In a project of immense civic scale, material choices are, innately, gestures of permanence. At Te Kaha, Christchurch’s new multi-use stadium, coloured concrete by Peter Fell plays a subtle but significant role in grounding the architecture within the city’s evolving urban fabric.
Designed as both an international venue and a public gathering place, the stadium needed to balance durability with identity. The use of coloured concrete throughout key public zones introduces a material consistency that feels robust, enduring, and unmistakably civic — essential in a project intended to serve generations of Cantabrians.
Unlike applied finishes that sit on the surface, integrally coloured concrete embeds pigment directly into the material itself, allowing colour and texture to become part of the architecture rather than an addition to it. In a project of this scale — with thousands of people moving through the precinct on event days — longevity and resilience were critical considerations. The result is a surface that retains depth and integrity over time, even under heavy public use.
At Te Kaha, the concrete contributes to more than performance alone. It helps to establish atmosphere. Across expansive circulation areas and external approaches, the tonal richness of the material — PeterFell Bayferrox 330 black oxide — softens the scale of the architecture, introducing a sense of tactility. Light moves differently across coloured concrete; texture becomes more pronounced, shadows deeper, and the experience of the building more grounded and human.
“Bayferrox 330 black oxide was added to the exposed mix, which is a main feature around the perimeter of this world-class stadium,” Peter Fell’s Stu Hunter explains. In this case, the total area of exposed aggregate was 3500m2, with a total of just under 600m3 of coloured concrete used.
The project also reflects a broader shift in how concrete is being understood within contemporary architecture. No longer treated purely as structural infrastructure, coloured concrete is increasingly being used as a finished architectural surface in its own right: expressive, durable, and capable of carrying subtle complexity. Through a carefully developed palette, Peter Fell has helped redefine what concrete can contribute to large-scale public architecture in Aotearoa.

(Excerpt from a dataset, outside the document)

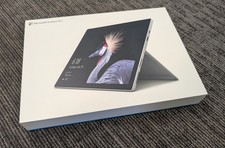 Microsoft Surface Pro 5  - Box Only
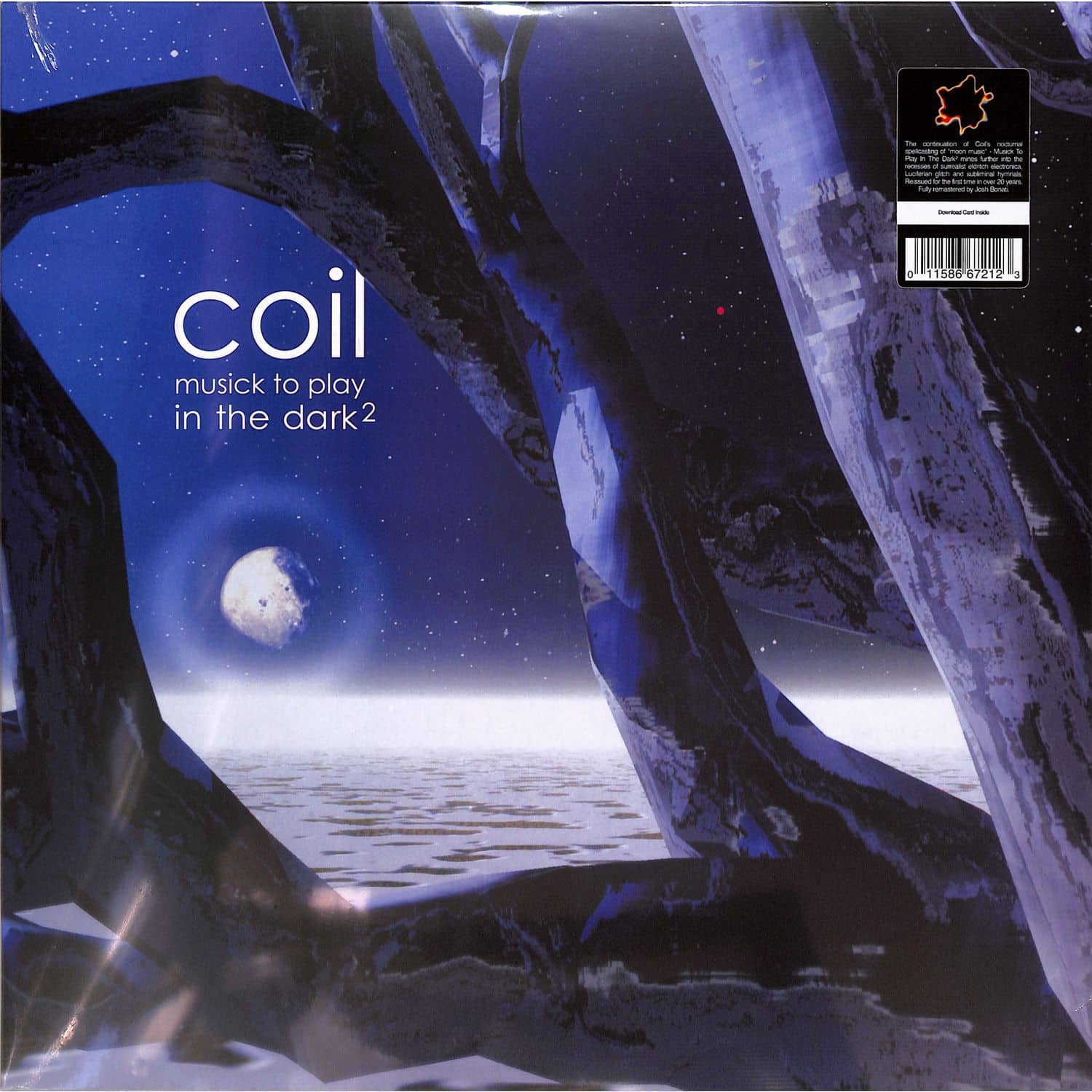 Coil - MUSICK TO PLAY IN THE DARK2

At Te Kaha, that contribution is both practical and atmospheric: a material language that feels simultaneously contemporary and enduring. In a stadium designed to bring people together, it is the permanence of these material decisions that will ultimately shape how the building is experienced for decades to come.
Peter Fell Ltd supplied the oxide via Ashby’s Ready Mixed in Christchurch, which is part of the Holcim New Zealand group. Francis Ward was the lead contractor for the concrete construction works.